▸ Exercise objective:
Repeat the data that follows verbatim. Images are not part of the copy.

(Study material Opens)

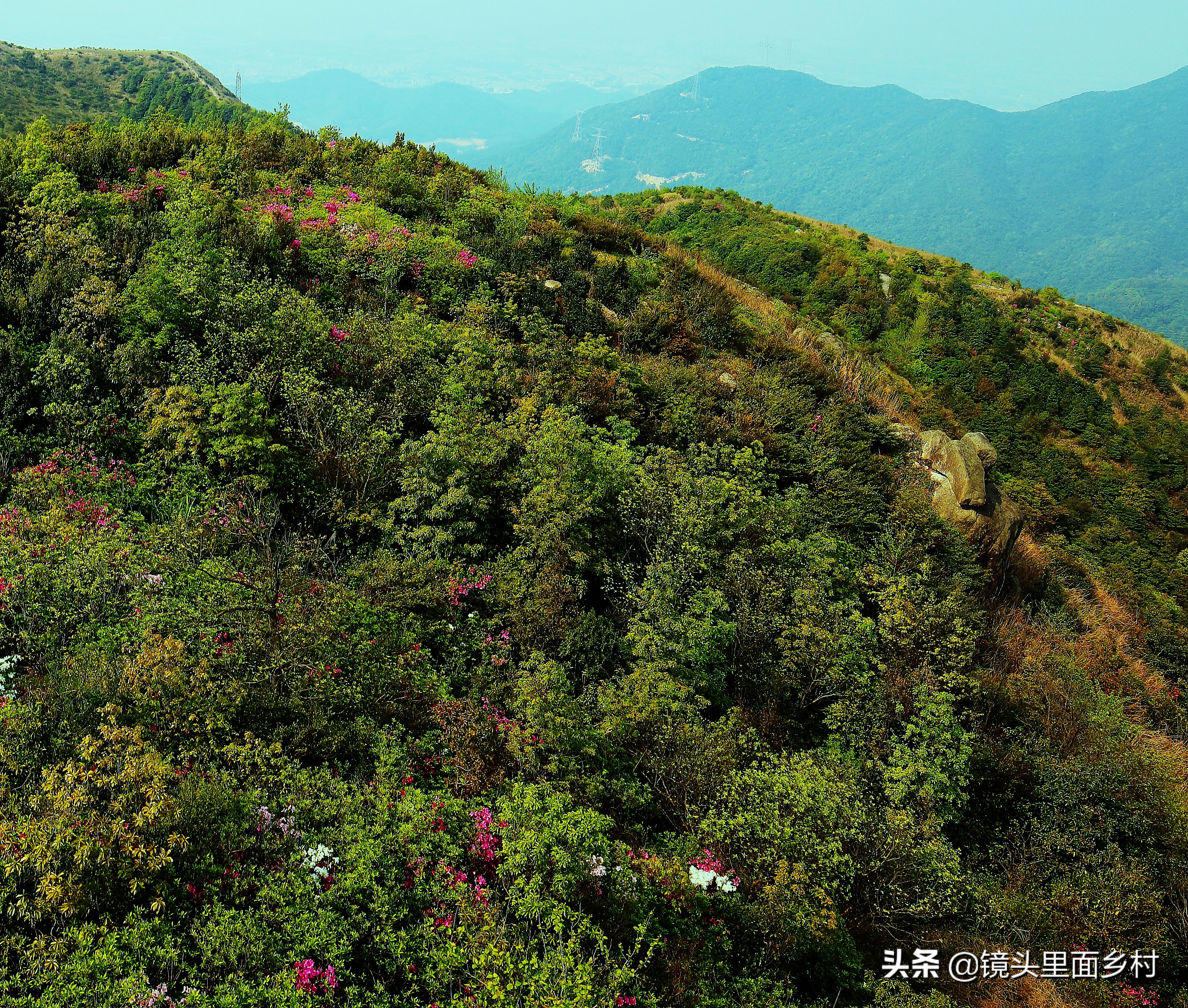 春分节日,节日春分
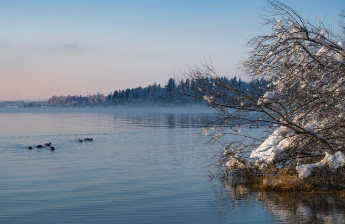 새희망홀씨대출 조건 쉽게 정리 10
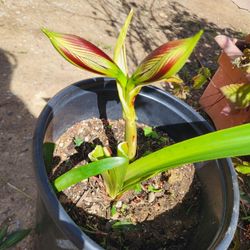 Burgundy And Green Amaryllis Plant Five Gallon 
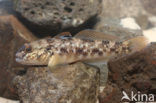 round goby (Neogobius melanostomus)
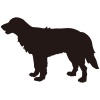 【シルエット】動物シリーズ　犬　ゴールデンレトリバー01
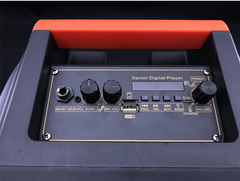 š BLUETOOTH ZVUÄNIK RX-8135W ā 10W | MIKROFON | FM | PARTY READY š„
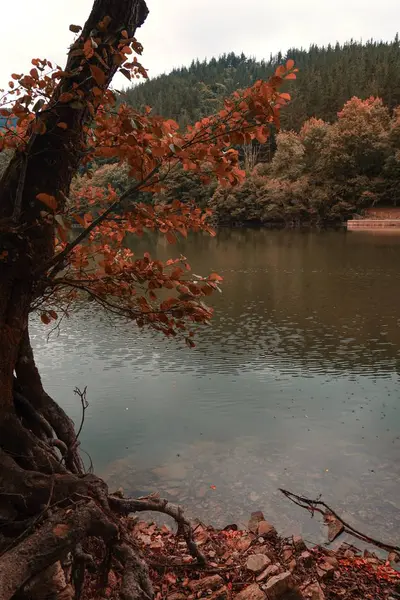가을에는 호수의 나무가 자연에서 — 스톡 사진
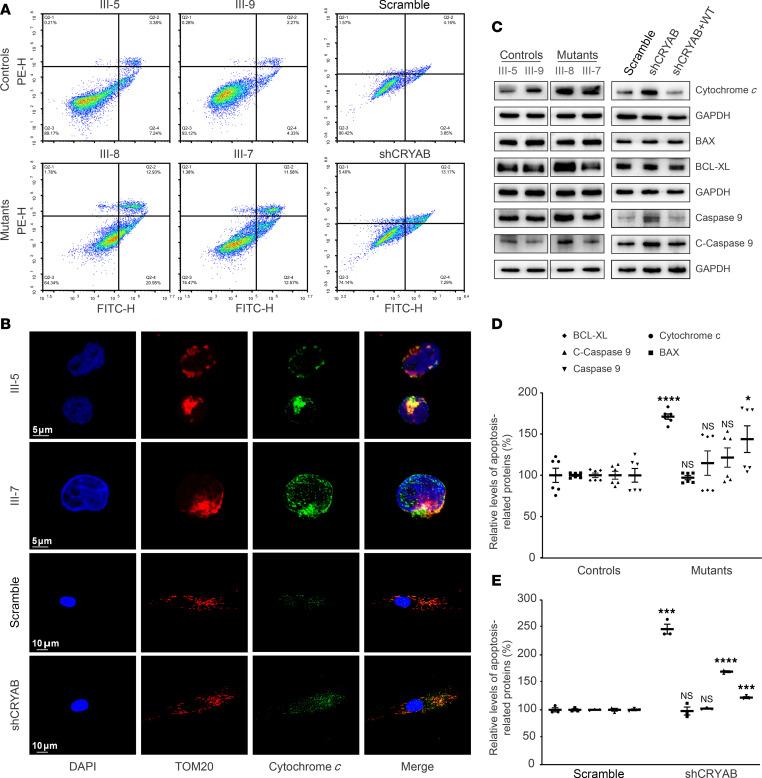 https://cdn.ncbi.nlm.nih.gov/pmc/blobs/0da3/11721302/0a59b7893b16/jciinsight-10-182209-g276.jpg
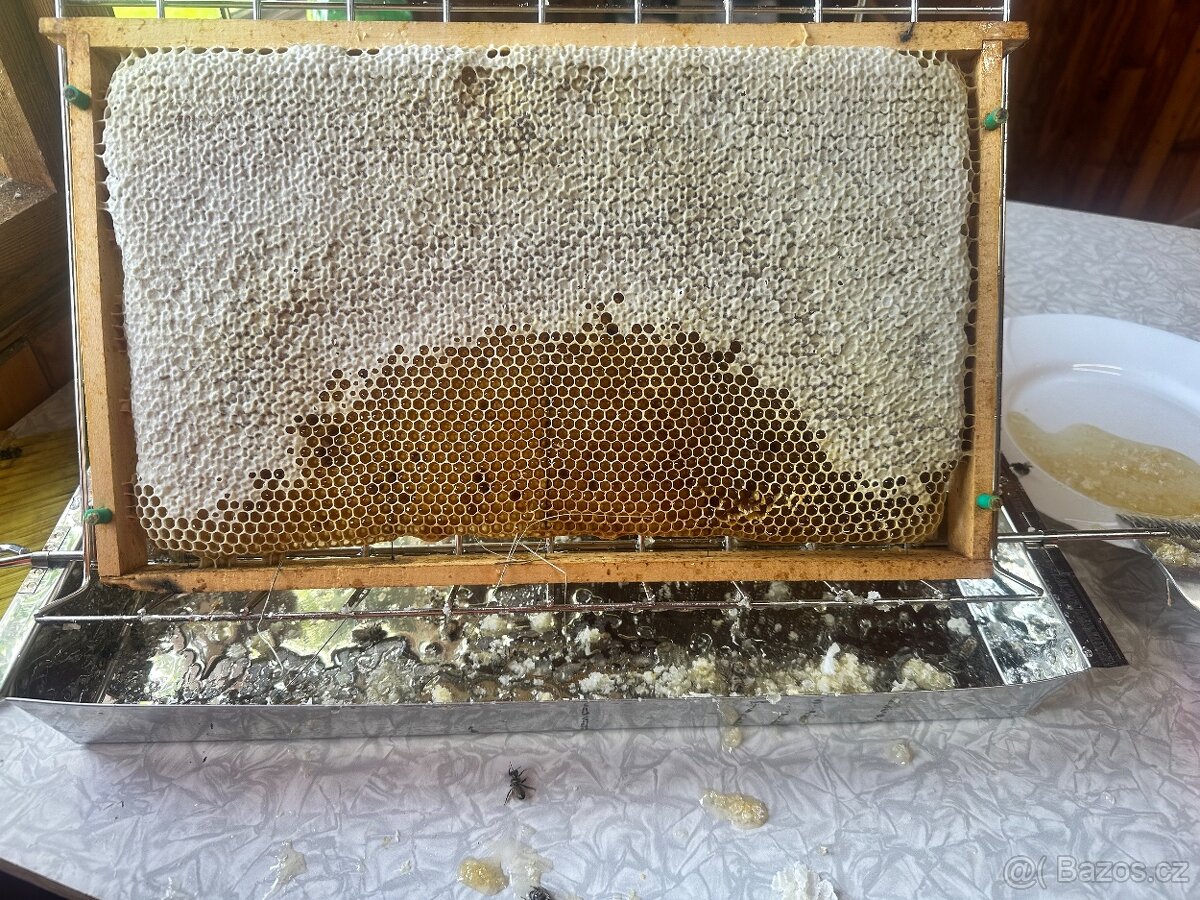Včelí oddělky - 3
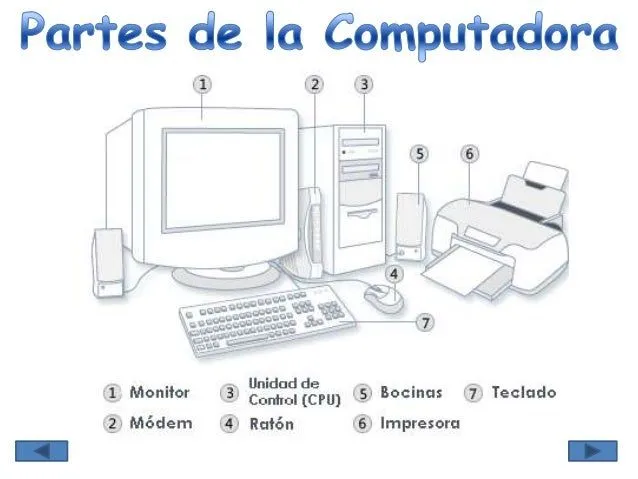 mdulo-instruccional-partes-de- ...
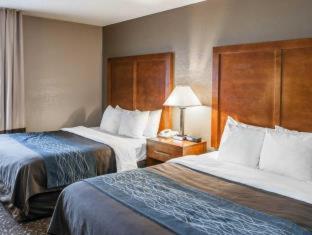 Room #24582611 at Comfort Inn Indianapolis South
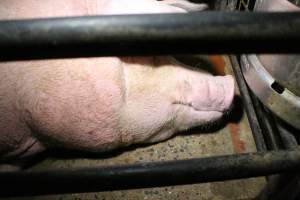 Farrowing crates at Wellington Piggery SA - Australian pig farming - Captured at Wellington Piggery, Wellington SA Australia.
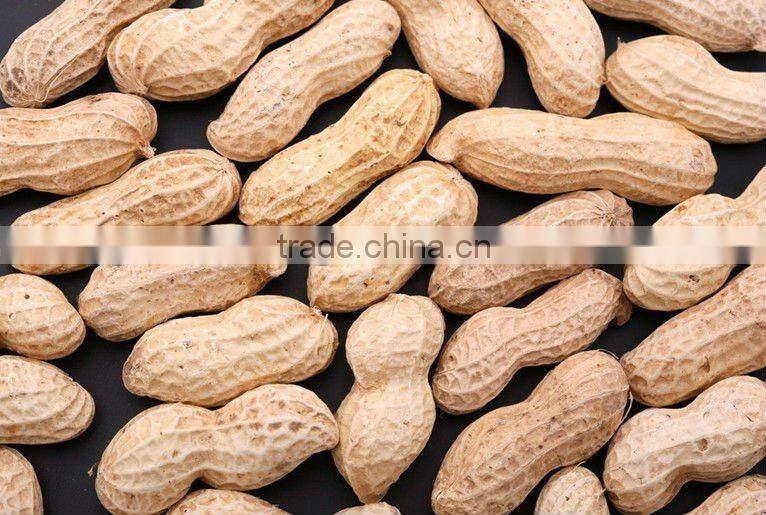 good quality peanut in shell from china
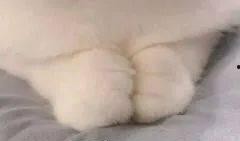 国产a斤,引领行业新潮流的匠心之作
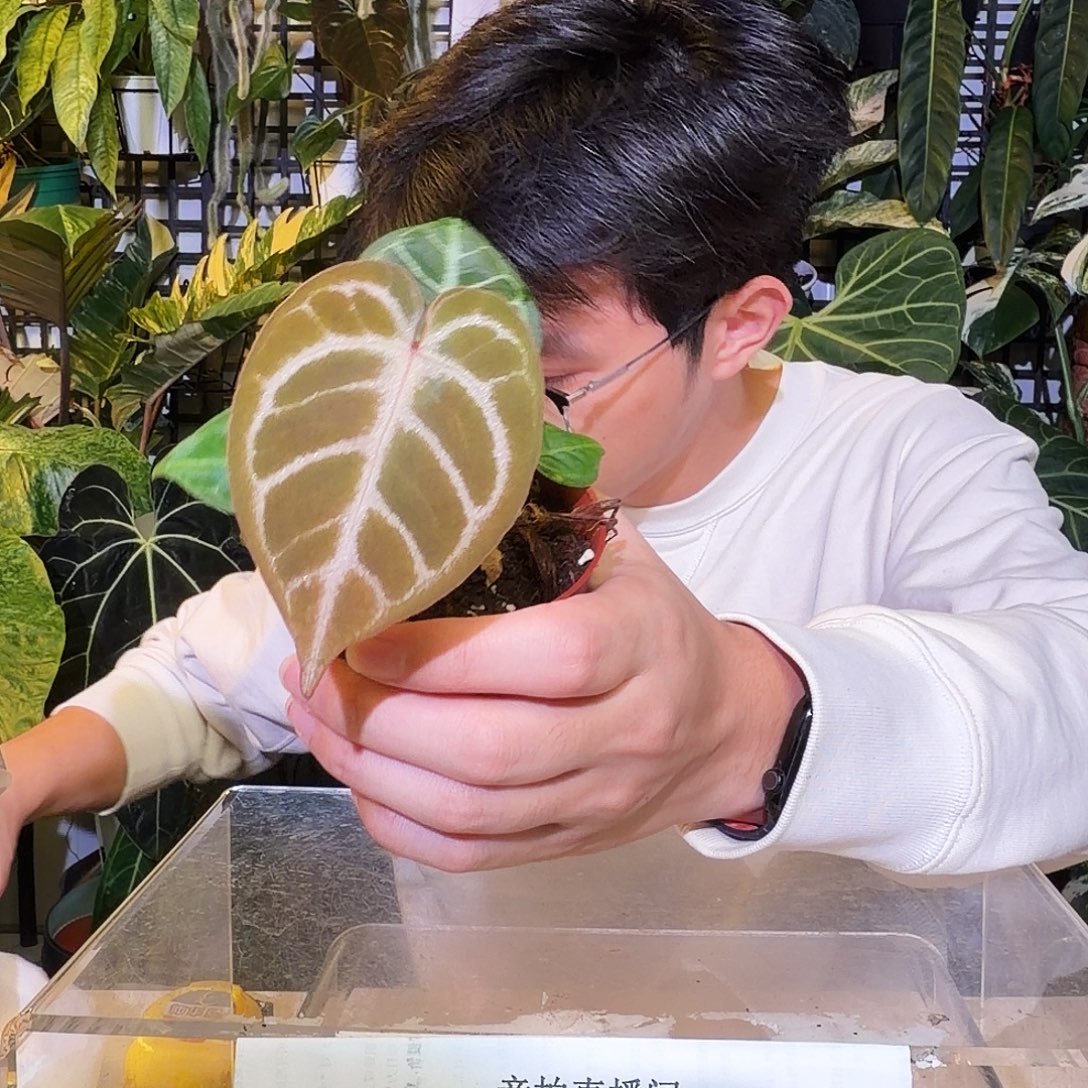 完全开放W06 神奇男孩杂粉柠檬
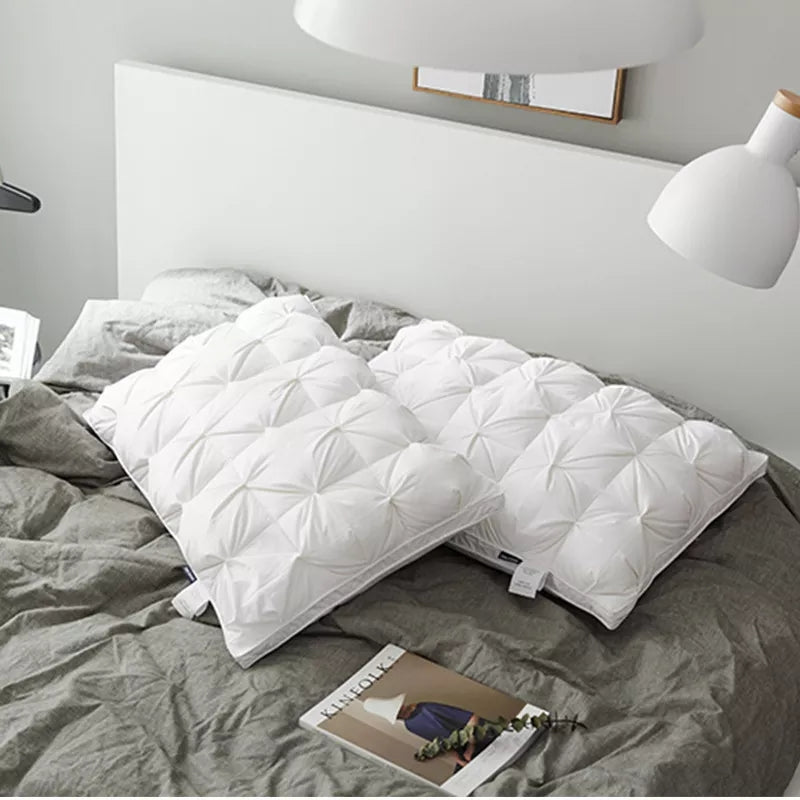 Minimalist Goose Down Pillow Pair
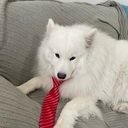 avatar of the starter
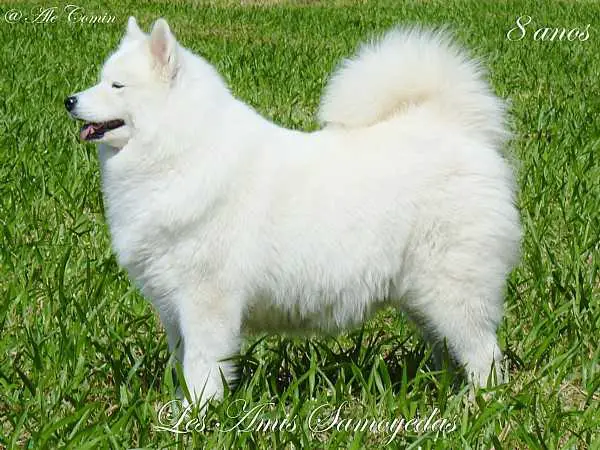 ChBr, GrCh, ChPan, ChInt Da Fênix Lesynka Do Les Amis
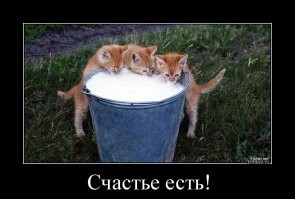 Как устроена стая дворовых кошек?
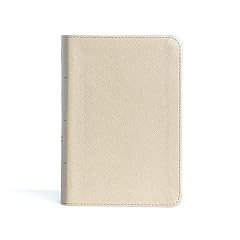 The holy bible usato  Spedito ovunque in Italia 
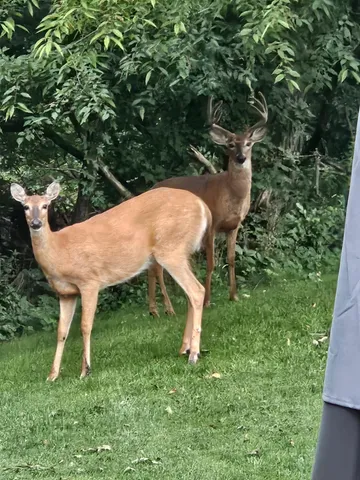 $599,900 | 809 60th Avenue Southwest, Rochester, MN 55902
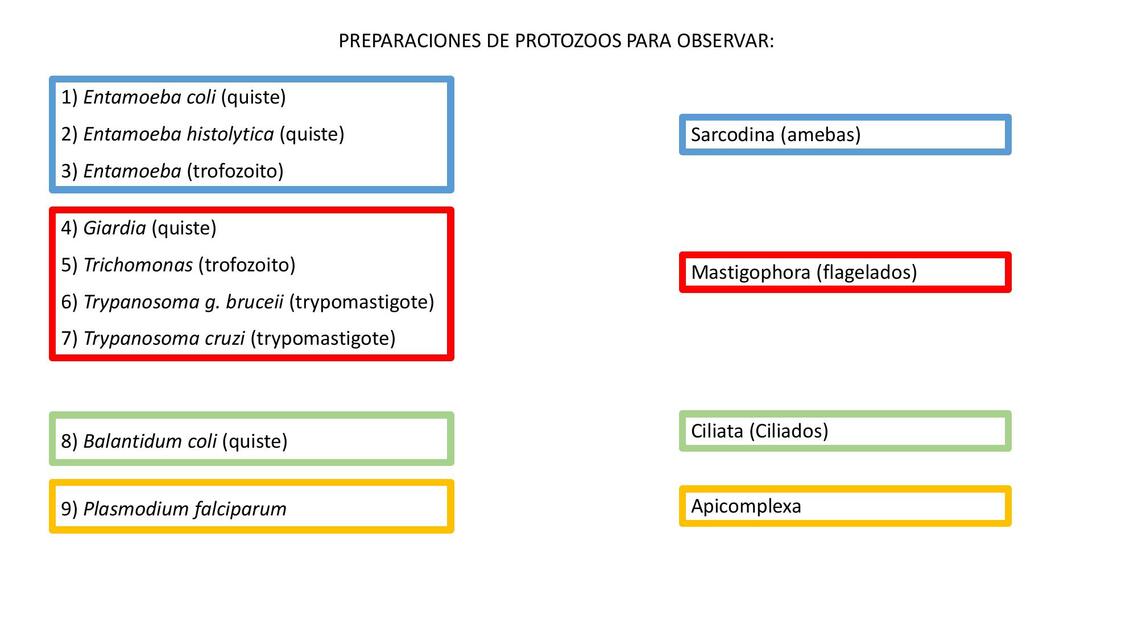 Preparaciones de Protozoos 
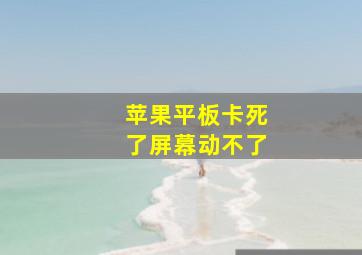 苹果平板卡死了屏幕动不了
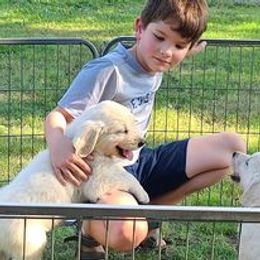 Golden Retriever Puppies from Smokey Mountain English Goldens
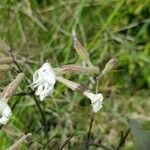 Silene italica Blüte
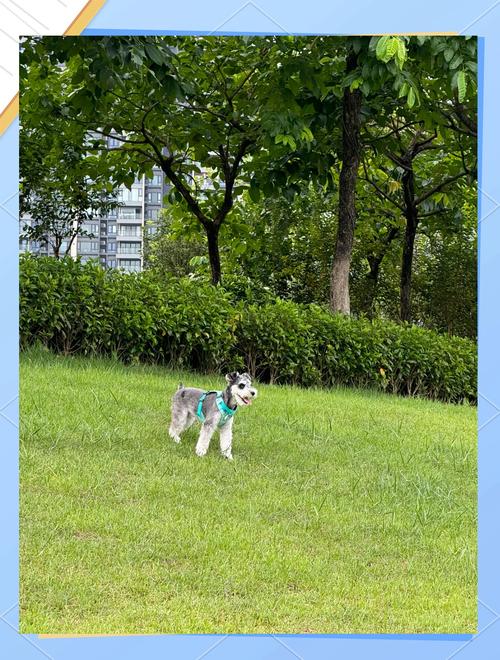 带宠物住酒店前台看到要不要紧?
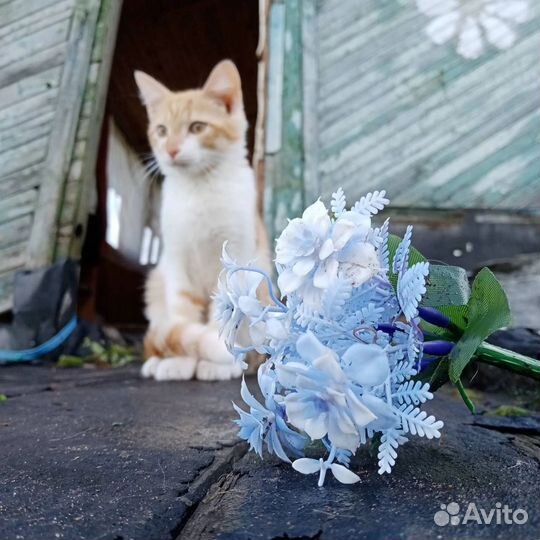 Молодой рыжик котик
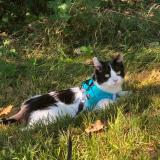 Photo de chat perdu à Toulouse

(Study material Closes)

▸ Task answer:
 春分节日,节日春分
 새희망홀씨대출 조건 쉽게 정리 10
 Burgundy And Green Amaryllis Plant Five Gallon 
 round goby (Neogobius melanostomus)
 【シルエット】動物シリーズ　犬　ゴールデンレトリバー01
 š BLUETOOTH ZVUÄNIK RX-8135W ā 10W | MIKROFON | FM | PARTY READY š„
가을에는 호수의 나무가 자연에서 — 스톡 사진
 https://cdn.ncbi.nlm.nih.gov/pmc/blobs/0da3/11721302/0a59b7893b16/jciinsight-10-182209-g276.jpg
Včelí oddělky - 3
 mdulo-instruccional-partes-de- ...
 Room #24582611 at Comfort Inn Indianapolis South
 Farrowing crates at Wellington Piggery SA - Australian pig farming - Captured at Wellington Piggery, Wellington SA Australia.
 good quality peanut in shell from china
 国产a斤,引领行业新潮流的匠心之作
 完全开放W06 神奇男孩杂粉柠檬
 Minimalist Goose Down Pillow Pair
 avatar of the starter
 ChBr, GrCh, ChPan, ChInt Da Fênix Lesynka Do Les Amis
 Как устроена стая дворовых кошек?
 The holy bible usato  Spedito ovunque in Italia 
 $599,900 | 809 60th Avenue Southwest, Rochester, MN 55902
 Preparaciones de Protozoos 
 苹果平板卡死了屏幕动不了
 Golden Retriever Puppies from Smokey Mountain English Goldens
 Silene italica Blüte
 带宠物住酒店前台看到要不要紧?
 Молодой рыжик котик
 Photo de chat perdu à Toulouse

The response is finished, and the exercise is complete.